Google introduced Veo 3, its latest text-to-video and audio generation model, on Tuesday at the Google I/O 2025 developer conference.
According to Google, Veo 3 can produce sound effects, background noises and dialogue synchronized with its video output. The company also claims that Veo 3 delivers improved video quality compared to its predecessor, Veo 2.
“For the first time, we’re emerging from the silent era of video generation,” said Demis Hassabis, CEO of Google DeepMind, during a press briefing. “[You can give Veo 3] a prompt describing characters and an environment and suggest dialogue with a description of how you want it to sound.”
Audio output could become Veo 3’s standout feature if Google fulfills its claims. While AI-powered sound generators and models for video sound effects already exist, Veo 3 distinguishes itself by reading raw pixels from footage and automatically syncing generated audio to visuals, according to Google.

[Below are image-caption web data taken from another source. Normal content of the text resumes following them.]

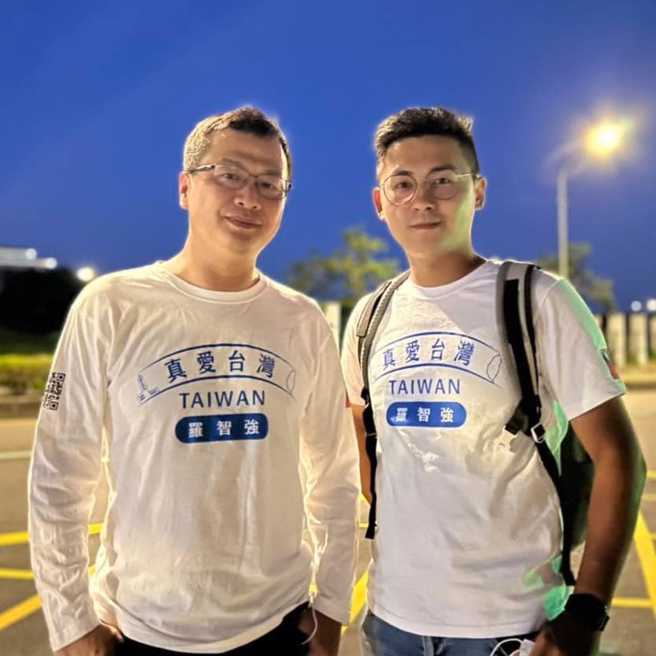 国民党前台北市议员罗智强（左）与子弟兵、现借将给国民党桃园市长参选人张善政担任发言人何元楷（右）。（图／取自何元楷脸书）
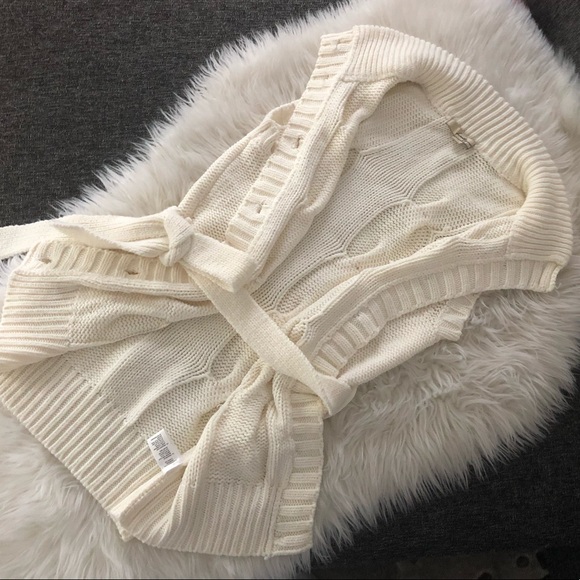 Forever 21 ❄️ Cable Knit Belted Sweater Vest - Picture 3 of 8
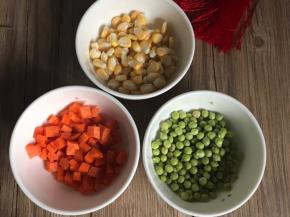 趁面团发酵的过程，备好馅料的食材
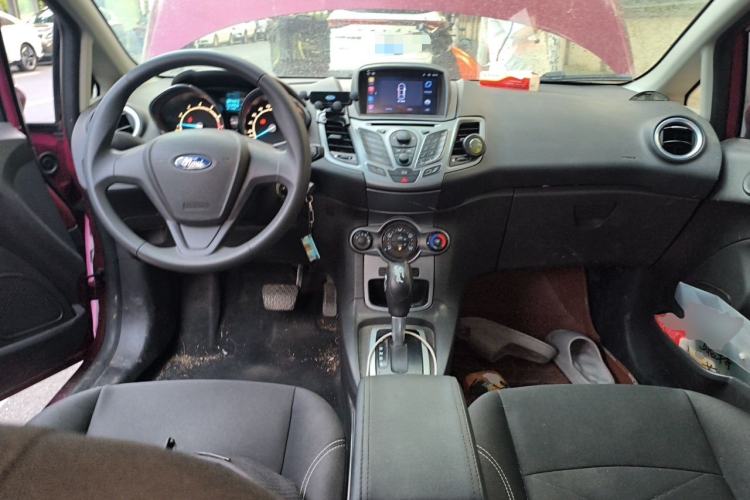 Used Ford Fiesta 2013 Hatchback 1.5L Automatic Fashion Edition Center Console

Veo 3 is now available in Google’s Gemini chatbot app for subscribers to the AI Ultra plan, priced at $249.99 per month. Users can prompt it with text or images.
What is Flow?
Flow is Google’s new AI filmmaking tool, tailored for its advanced models — Veo, Imagen and Gemini. It allows storytellers to explore ideas freely and build cinematic clips and scenes.
“It’s early days, and we’re excited to shape the future of Flow with creatives and filmmakers,” the company said.

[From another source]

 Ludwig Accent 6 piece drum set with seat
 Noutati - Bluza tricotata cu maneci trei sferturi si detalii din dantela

Flow aims to capture the feeling of effortless, iterative creation, where “time slows down and creation is full of possibility.” Built specifically for Veo, the tool delivers exceptional prompt adherence and cinematic video outputs with realistic physics. Gemini models enhance intuitive prompting, enabling users to describe their vision in natural, everyday language.
Users can import their own assets to craft characters or use Imagen’s text-to-image capabilities to generate new elements within Flow. Once a subject or scene is created, these “ingredients” can be reused across multiple clips and scenes to maintain visual consistency. Alternatively, an existing scene image can serve as the foundation for a new shot.